Note the suggested modifications may not be supported for your specific environment and also can be annoying to undo (a simple reboot should clear them though).

  • Run pyperf system tune2 - personally this command feels like magic, but in essence it tries to configure your system automatically according to this list of operations

  • Use the pyperf --affinity option to pin worker processes to a specific CPU core (since it’s a pyperf option, you’ll need to precede it with -- after your blackbench arguments)

  • Try to leave your system alone while it’s benchmarking as much as reasonably possible

  • Oh and the classic advice of closing down unnecessary background processes still applies :)

If you’re curious for more, don’t worry! Further in the User Guide will be more detailed information on this topic.

Running benchmarks#

  1. Install one of the revisions of Black you’d like to compare.

  2. Call the run command with a filepath to dump results as the argument.

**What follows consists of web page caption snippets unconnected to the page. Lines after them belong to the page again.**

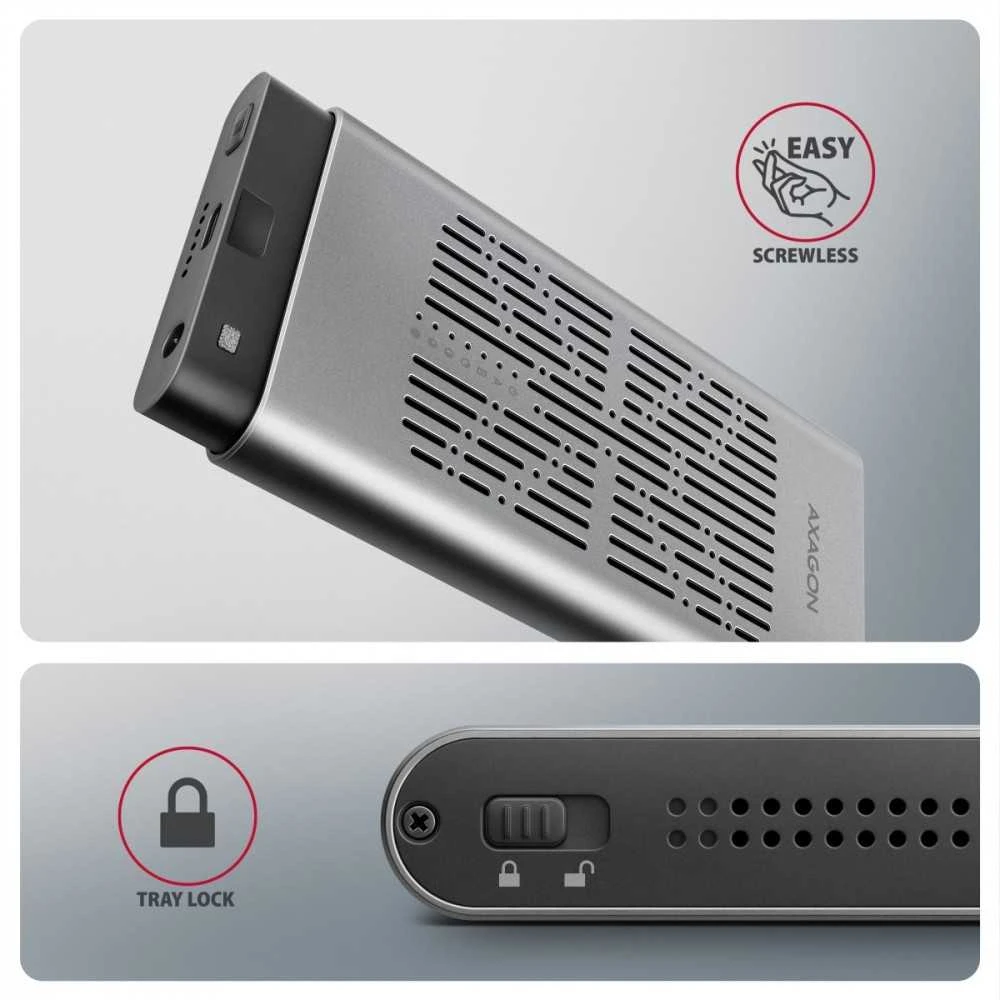 „AXAGON USB-C 20Gbps“ dvigubas M.2 NVMe SSD „CLONE MASTER“ korpusas | EEM2-20GD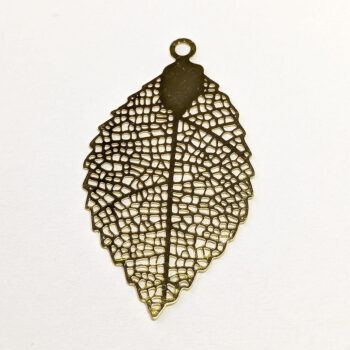 Gold Hollow Delicate Filigree Leaf Pendant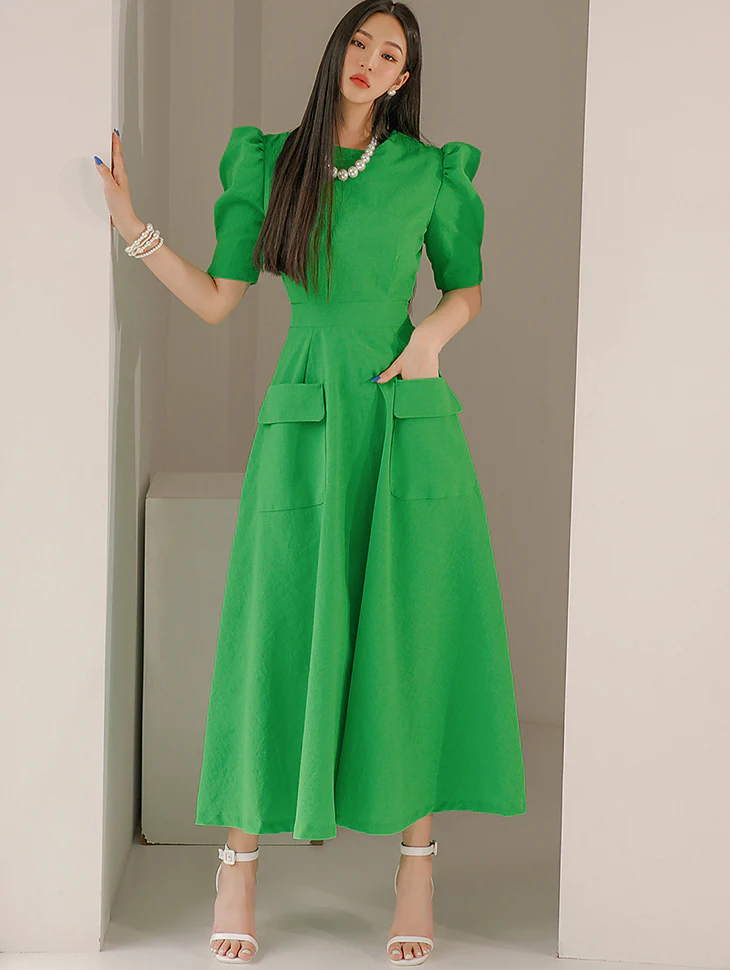 D4470 Balloon Sleeve Pocket Dress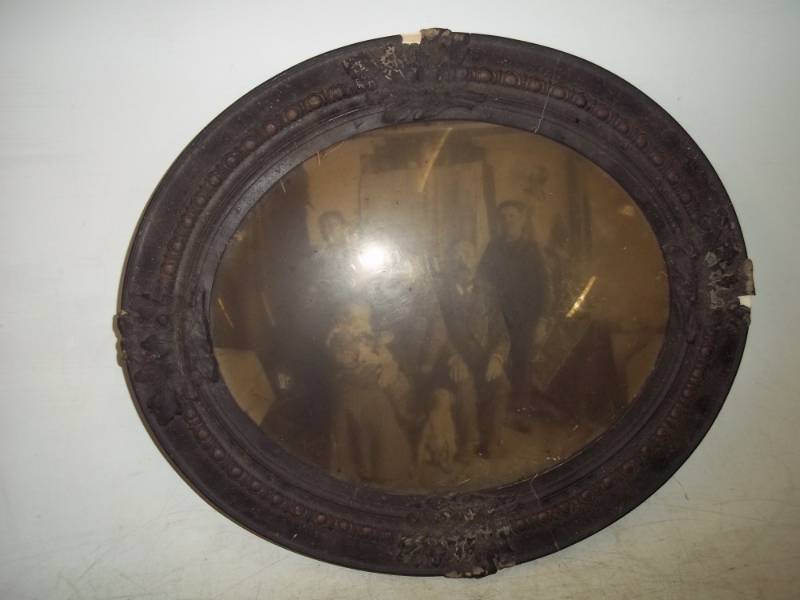 lot 155 image: Antique Wood Picture frame with picture 22 wide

    dev@example:~/blackbench$ blackbench run normal.json -- --affinity 1
    [*] Versions: blackbench: 21.7.dev2, pyperf: 2.2.0, black: 21.6b0
    [*] Created temporary workdir at `/tmp/blackbench-workdir-ly0edox8`.
    [*] Alright, let's start!
    [*] Running `fmt-black/__init__` benchmark (1/17)
    .....................
    fmt-black/__init__: Mean +- std dev: 1.50 sec +- 0.05 sec
    [*] Took 41.291 seconds.
    [*] Running `fmt-black/brackets` benchmark (2/17)
    
    [snipped ...]
    
    [*] Cleaning up.
    [*] Results dumped.
    [*] Blackbench run finished in 373.794 seconds.
    
  3. Repeat steps 1-2 until you have tested all of the revisions.

Note

The default configuration uses the fmt task and all targets (ie. tests standard Black behaviour with safety checks against all available code files). This can be pretty slow depending on how fast your machine is. A quick fix would be to use --fast to collect less values.

Comparing runs#

  1. Run pyperf compare_to passing in the result files from the previous step.3

    dev@example:~/blackbench$ pyperf compare_to normal.json with-esp.json
    fmt-black/__init__: Mean +- std dev: [normal] 1.50 sec +- 0.05 sec -> [with-esp] 1.68 sec +- 0.03 sec: 1.12x slower
    fmt-black/brackets: Mean +- std dev: [normal] 479 ms +- 13 ms -> [with-esp] 515 ms +- 11 ms: 1.07x slower
    fmt-black/comments: Mean +- std dev: [normal] 382 ms +- 6 ms -> [with-esp] 400 ms +- 11 ms: 1.05x slower
    fmt-black/mode: Mean +- std dev: [normal] 167 ms +- 3 ms -> [with-esp] 175 ms +- 5 ms: 1.05x slower
    fmt-black/strings: Mean +- std dev: [normal] 282 ms +- 8 ms -> [with-esp] 298 ms +- 6 ms: 1.06x slower
    fmt-dict-literal: Mean +- std dev: [normal] 227 ms +- 8 ms -> [with-esp] 244 ms +- 6 ms: 1.08x slower
    fmt-list-literal: Mean +- std dev: [normal] 134 ms +- 4 ms -> [with-esp] 156 ms +- 19 ms: 1.17x slower
    fmt-strings-list: Mean +- std dev: [normal] 43.2 ms +- 1.7 ms -> [with-esp] 184 ms +- 4 ms: 4.25x slower
    
    Benchmark hidden because not significant (9): fmt-black/linegen, fmt-black/lines, fmt-black/nodes, fmt-black/output, fmt-comments, fmt-flit/install, fmt-flit/sdist, fmt-flit_core/config, fmt-nested
    
    Geometric mean: 1.12x slower
    
  2. Celebrate because you’ve successfully used blackbench to benchmark and compare different revisions of Black! 🎉

What’s next?#

See the rest of the User Guide for an indepth explanation and guide to using blackbench effectively, to learn blackbench’s more advanced features, and overall get better at benchmarking. You can also take a look at the pyperf documentation since blackbench heavily depends on it for many parts of its functionality.

Thank you for using blackbench and I hope you make good use out of it!


1

I know Black’s Python runtime requirement is probably lower (it’s 3.6.2+ as of writing) but given this is a developer-focused tool, I consider it fine (especially since I don’t see blackbench’s requirement being bumped anytime soon).

2

Don’t worry, pyperf should’ve been installed alongside blackbench since the latter depends on it.

3

These numbers aren’t actually representative of the slowdown experimental string processing causes, I got these numbers without taking any care to get stable results (so I could write these docs quickly).